End of life care - Nutrition and Hydration
- Ms C passed away around three weeks after her positive Covid-19 test. Ms Y complains about how the Home managed Ms C’s food and fluids during this period of time. I have looked through the Home’s records, and records from Ms C’s GP. To set things out in the clearest possible way, I have included below a summary of what happened each day, starting the day Ms Y tested positive.
- Day 1 – The Home records show that Ms C was eating and drinking well.
- Day 2 – Ms C had 530ml of fluids. The fluid chart shows Ms C refused one drink of 150ml. The food charts show Ms C declined all food offered to her that day. The daily records said Ms C had a poor appetite and fluids as she was very sleepy.
- Day 3 – A care worker from the Home contacted Ms Y, to say Ms C’s nutrition and hydration over the past day had been very poor. Ms Y says the care worker told her staff would only give Ms C fluid as mouth care of 5ml every 30 minutes and would not give food. Ms Y emailed the Home Manager and said Ms C was only dehydrated and asked staff to hydrate her.
- The fluid charts show Ms C had 340ml of fluids and refused one drink of 100ml. The food chart said Ms C was sleeping all day and not swallowing, and that she declined all her food. The daily records said Ms C was unwell and not tolerating any oral diet or fluids. The GP records show the Home contacted the GP, who carried out a video consultation. The GP advised the Home to keep Ms C comfortable and they would speak to Ms Y to establish the family’s view.
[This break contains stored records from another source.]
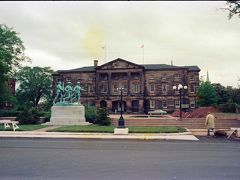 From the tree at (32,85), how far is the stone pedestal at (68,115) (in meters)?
58.1

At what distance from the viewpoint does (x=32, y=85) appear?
94438 millimetres

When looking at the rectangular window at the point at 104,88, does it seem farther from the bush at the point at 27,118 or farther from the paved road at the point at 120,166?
the paved road at the point at 120,166

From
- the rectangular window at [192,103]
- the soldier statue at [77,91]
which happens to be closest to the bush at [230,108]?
the soldier statue at [77,91]

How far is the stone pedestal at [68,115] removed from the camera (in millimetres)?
37375

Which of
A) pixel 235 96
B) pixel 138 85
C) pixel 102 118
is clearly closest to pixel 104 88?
pixel 138 85

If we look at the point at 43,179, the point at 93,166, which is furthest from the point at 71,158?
the point at 43,179

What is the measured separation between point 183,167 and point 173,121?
88.0ft

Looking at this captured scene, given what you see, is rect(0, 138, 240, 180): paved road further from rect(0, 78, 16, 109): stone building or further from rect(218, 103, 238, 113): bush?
rect(0, 78, 16, 109): stone building

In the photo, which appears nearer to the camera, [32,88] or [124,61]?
[124,61]

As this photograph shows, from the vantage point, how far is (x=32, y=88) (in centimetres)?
9444

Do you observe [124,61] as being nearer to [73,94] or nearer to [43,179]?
[73,94]

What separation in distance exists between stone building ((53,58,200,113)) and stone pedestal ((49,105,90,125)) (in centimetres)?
4500

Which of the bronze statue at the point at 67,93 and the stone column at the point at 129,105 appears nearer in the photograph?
the bronze statue at the point at 67,93

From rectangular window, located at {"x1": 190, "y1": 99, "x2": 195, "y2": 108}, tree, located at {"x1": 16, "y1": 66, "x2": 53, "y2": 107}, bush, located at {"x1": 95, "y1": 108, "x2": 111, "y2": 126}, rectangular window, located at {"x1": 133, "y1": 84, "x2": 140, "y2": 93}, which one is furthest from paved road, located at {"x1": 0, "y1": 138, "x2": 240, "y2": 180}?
tree, located at {"x1": 16, "y1": 66, "x2": 53, "y2": 107} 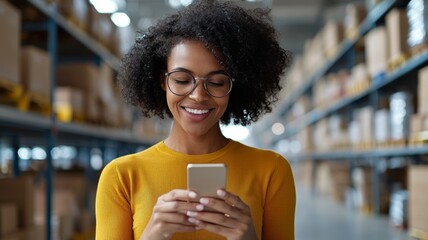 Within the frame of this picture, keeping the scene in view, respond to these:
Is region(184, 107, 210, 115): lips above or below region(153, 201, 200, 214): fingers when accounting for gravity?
above

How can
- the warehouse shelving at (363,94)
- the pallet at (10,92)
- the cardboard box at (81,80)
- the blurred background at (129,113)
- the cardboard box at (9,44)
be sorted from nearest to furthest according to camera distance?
the cardboard box at (9,44), the pallet at (10,92), the blurred background at (129,113), the warehouse shelving at (363,94), the cardboard box at (81,80)

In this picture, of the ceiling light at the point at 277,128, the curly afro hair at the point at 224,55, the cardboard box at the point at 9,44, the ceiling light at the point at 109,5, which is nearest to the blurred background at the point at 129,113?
the cardboard box at the point at 9,44

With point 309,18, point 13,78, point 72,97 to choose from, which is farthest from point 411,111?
point 309,18

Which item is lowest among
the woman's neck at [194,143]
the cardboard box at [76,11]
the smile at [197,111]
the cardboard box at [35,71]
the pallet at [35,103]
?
the woman's neck at [194,143]

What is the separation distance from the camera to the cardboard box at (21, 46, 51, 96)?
10.6ft

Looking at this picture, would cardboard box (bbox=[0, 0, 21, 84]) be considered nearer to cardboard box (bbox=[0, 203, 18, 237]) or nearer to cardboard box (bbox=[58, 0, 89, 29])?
cardboard box (bbox=[0, 203, 18, 237])

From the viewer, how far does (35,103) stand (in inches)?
138

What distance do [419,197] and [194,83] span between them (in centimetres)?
280

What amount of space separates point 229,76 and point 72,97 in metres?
3.16

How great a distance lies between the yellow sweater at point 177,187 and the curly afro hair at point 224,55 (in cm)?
18

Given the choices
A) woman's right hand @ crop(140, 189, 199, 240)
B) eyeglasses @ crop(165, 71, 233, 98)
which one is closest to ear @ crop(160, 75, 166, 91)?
eyeglasses @ crop(165, 71, 233, 98)

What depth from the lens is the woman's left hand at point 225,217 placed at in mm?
1069

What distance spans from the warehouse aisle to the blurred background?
2 centimetres

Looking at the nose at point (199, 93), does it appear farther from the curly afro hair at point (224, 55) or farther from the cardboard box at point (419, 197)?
the cardboard box at point (419, 197) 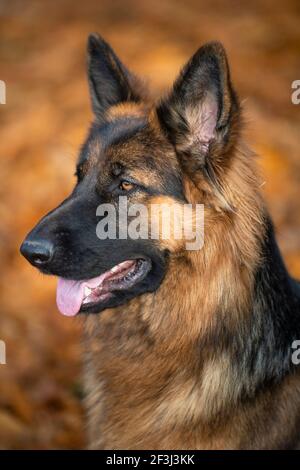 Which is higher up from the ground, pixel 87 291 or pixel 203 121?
pixel 203 121

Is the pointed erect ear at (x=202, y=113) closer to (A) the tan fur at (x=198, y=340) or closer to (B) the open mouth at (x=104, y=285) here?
(A) the tan fur at (x=198, y=340)

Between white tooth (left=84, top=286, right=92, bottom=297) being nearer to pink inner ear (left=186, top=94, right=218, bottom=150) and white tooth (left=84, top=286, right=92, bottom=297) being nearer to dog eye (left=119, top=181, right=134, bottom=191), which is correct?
dog eye (left=119, top=181, right=134, bottom=191)

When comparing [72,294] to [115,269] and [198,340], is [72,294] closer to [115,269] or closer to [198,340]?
[115,269]

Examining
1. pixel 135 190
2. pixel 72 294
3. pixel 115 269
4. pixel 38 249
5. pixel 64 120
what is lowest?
pixel 72 294

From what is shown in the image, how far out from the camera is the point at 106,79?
15.2 feet

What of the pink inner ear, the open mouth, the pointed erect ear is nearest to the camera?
the pointed erect ear

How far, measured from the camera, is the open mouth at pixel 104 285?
13.3 ft

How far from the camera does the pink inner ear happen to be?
3.85 meters

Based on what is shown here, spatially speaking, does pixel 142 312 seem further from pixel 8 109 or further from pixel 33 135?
pixel 8 109

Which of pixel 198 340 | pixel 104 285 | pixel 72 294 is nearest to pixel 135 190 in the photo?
pixel 104 285

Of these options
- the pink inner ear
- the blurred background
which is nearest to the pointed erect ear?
the pink inner ear

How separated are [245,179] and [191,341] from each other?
1000 millimetres

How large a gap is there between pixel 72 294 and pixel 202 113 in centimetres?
131

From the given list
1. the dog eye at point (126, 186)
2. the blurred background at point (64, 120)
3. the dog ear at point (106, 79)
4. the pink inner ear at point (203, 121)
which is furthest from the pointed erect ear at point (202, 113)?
the blurred background at point (64, 120) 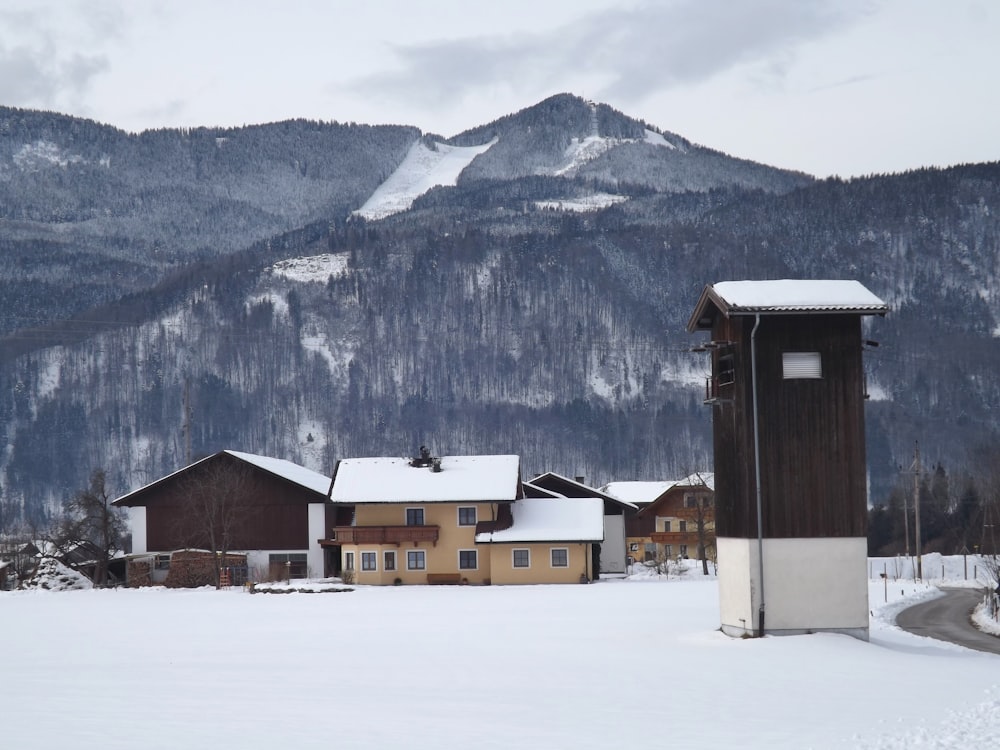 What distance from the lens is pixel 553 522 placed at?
240 ft

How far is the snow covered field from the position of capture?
21.3 metres

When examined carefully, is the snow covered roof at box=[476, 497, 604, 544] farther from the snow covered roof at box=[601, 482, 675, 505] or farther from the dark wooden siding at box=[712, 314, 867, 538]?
the snow covered roof at box=[601, 482, 675, 505]

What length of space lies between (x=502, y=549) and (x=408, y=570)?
521 centimetres

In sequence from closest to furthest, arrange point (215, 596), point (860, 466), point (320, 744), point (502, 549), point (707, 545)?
→ 1. point (320, 744)
2. point (860, 466)
3. point (215, 596)
4. point (502, 549)
5. point (707, 545)

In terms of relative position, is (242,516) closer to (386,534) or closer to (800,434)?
(386,534)

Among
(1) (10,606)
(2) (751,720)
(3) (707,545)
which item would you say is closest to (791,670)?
(2) (751,720)

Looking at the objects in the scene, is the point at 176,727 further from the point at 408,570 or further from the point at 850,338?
the point at 408,570

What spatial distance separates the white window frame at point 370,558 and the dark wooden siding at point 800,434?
37536 millimetres

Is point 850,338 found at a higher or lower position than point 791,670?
higher

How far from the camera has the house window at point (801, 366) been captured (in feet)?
122

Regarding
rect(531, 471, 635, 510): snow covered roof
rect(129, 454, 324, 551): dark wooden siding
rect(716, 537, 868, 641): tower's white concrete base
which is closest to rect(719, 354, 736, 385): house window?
rect(716, 537, 868, 641): tower's white concrete base

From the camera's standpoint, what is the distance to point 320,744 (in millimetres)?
20188

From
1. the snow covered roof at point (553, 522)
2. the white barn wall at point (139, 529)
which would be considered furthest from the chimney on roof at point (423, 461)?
the white barn wall at point (139, 529)

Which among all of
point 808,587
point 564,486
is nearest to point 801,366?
point 808,587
- Day 4 – Ms Y spoke to the GP. She relayed that the Home told her they would only give 5ml fluids to Ms C for mouthcare. The GP arranged for a community nurse to assess Ms C for subcutaneous (“s/c”) fluid administration. The assessment approved the request and s/c fluids were started that afternoon. Alongside this, the fluid charts show Ms C had 540ml of fluids through regular drinks.
- Day 5 – The s/c fluids were stopped at the end of the course as the nurse did not believe s/c fluids were improving Ms C’s situation. Staff told Ms Y of the decision.
- Day 6 – Ms Y was allowed to visit the Home as staff felt Ms C was at end of life. Ms Y says she begged care workers to feed Ms C and give fluids. The fluid charts show Ms C had 460ml fluids. They do not show that Ms C was offered or declined further fluids. However, the daily records say staff offered drinks throughout the day. The food charts show Ms C ate relatively well that day. The GP advised the Home to watch and wait. Ms Y says Ms C was alert and responsive.
- Day 7 – The daily notes said staff offered drinks regularly. The fluid charts show Ms Y had 975ml and ate during the day.
- Day 8 – The daily notes said staff encouraged fluids and Ms C was brighter and more alert. The fluid charts show Ms C had 1380ml fluids and ate during the day. Ms Y says she visited and gave Ms C food and fluids too. She says Ms C was hungry and drank everything.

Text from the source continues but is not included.